Sometimes, the most accurate way for me to reflect on the quality of my day's work is whether or not I made someone cry.
That sounds a bit awful at first glance, doesn't it?
I know.
Maybe it's more accurate for me to say my day was especially successful if I helped someone cry.
Someone who ultimately found it beneficial to cry, to experience an emotional catharsis, but who, for whatever reason(s), was unable to access and express their turbulent emotions prior to the addition of music therapy.
Here's an incredibly common scenario. I often arrive to the bedside of a patient who is in the active dying process. The room is typically full of family members who love this person very much, are feeling all kinds of emotions about the person in the bed and about each other, and who have no idea what to do with themselves as they sit vigil, wanting to be present as their loved one takes their last breath.
I walk into these rooms and it's as if the oxygen has been removed. Everyone is usually standing stiffly, shoulders hunched, head down, not looking at the person in the bed or one another. Conversation is stiff and rare. It's like the whole family has been frozen by their inability to connect with the emotional and sensory elements of this intimate experience of sitting vigil for a loved one.

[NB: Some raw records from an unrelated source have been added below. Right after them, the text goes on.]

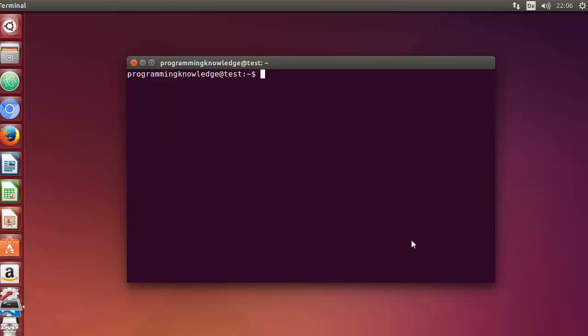Hello guys, welcome to the next video on Linux command line tutorial for beginners. In this video we will learn how to use the grep command in Linux. Grep stands for Global Regular Expression Print. The grep command processes text line by line and prints any line which matches a specified pattern. It can be used to search for a pattern, word, or sentence in a text file or multiple text files using various options.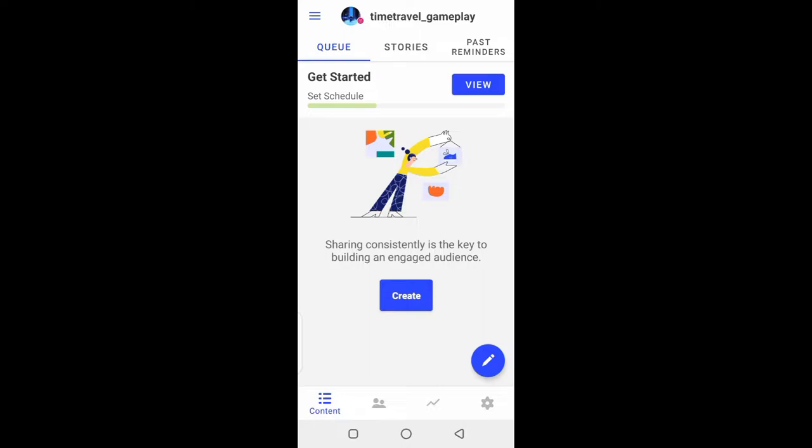First things first, you need to install the app on your phone. After installation, you need to attach your Instagram business account through your Facebook login.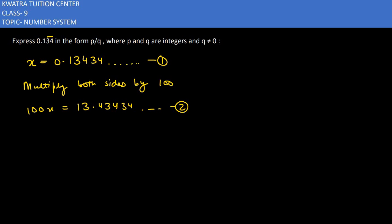Now we have to subtract equation 2 and 1. So if we subtract, 100x minus x equals 99x.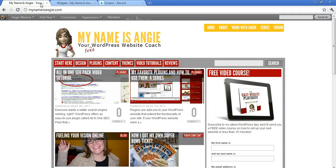Again, this is Angie at MyNameIsAngie.com, your free WordPress website coach. And if you haven't yet subscribed to MyNameIsAngie.com or registered to use the forum to ask your questions about WordPress, please take a minute and go ahead and do that. I'll see you in the next video.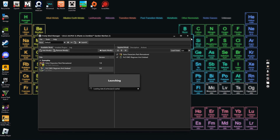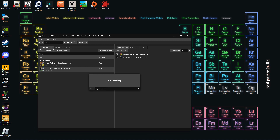After clicking Launch, it will say 'Applying Mods.' The first time you run with mods it will take about five minutes. Once the game loads, your mods will all be there with all the characters and variants unlocked.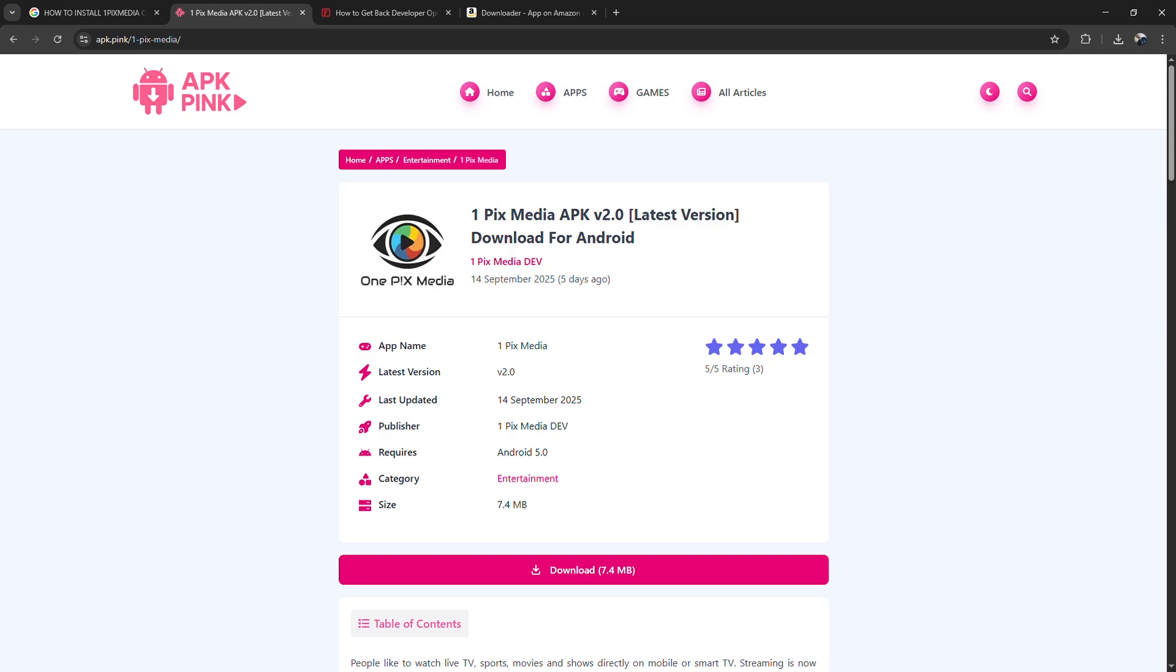How to install OnePix Media on FireStick. I'm going to tell you how to install OnePix Media on your FireStick. First,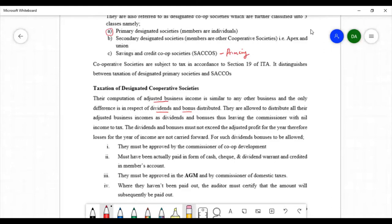For bonuses and dividends to be deducted from the income of cooperative societies, a number of factors are considered. Importantly, the bonuses and dividends that are deducted should not exceed the adjusted profit for that particular year of income. This means cooperative societies should not carry forward losses from one particular year to the next.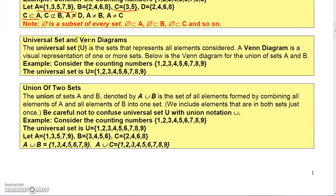When we talk about the universal set, we use the capital letter U. That's the set that represents all elements that are being considered. For the counting numbers 1 through 9, we would say the universal set is the set 1 through 9.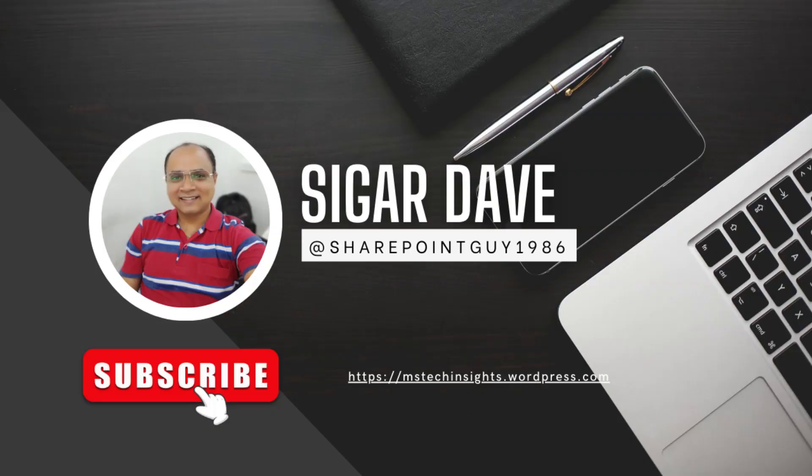If you like this video, then please like, share and subscribe to my channel and press the bell icon to get the latest notification whenever I am uploading a new video. Thank you for watching and see you in the next video.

But something happens when I introduce music. From the very first note, the environment is changed. It's similar to the effect of adding music to a dramatic movie scene - access to emotions is easy. The family begins to thaw out almost immediately. Maybe someone looks up to make eye contact with me and finds themselves smiling because they remember that this was their father's favorite hymn. Maybe this child looks to her brother and says, "Do you remember Daddy singing this to us when we were kids?" And the smiles begin to mix with tears. Siblings reach for one another. The whole family begins to move, to talk, to laugh, to cry. They all move closer to the bed and provide loving touch to their dying loved one and to each other.
As we continue to share music, memories come rushing up to the surface and the family shares stories, laughter, and finds it easier to tell this departing family member that he or she is loved and will be missed. It's safe to look the dying process in the eyes and say goodbye. From frozen to warmth, these people are now more fully able to participate in and experience this pivotal moment in the circle of life. It's like the music weaves a protective container around them and holds a space in which they can be human, vulnerable, and authentic. We have transformed the vigil experience from one of terrible, interminable waiting, to a memory of shared family experience, love, and support.
So when I get home from work and my fiancé asks me how my day went, I can honestly say, "It was wonderful. I got so many people to cry!"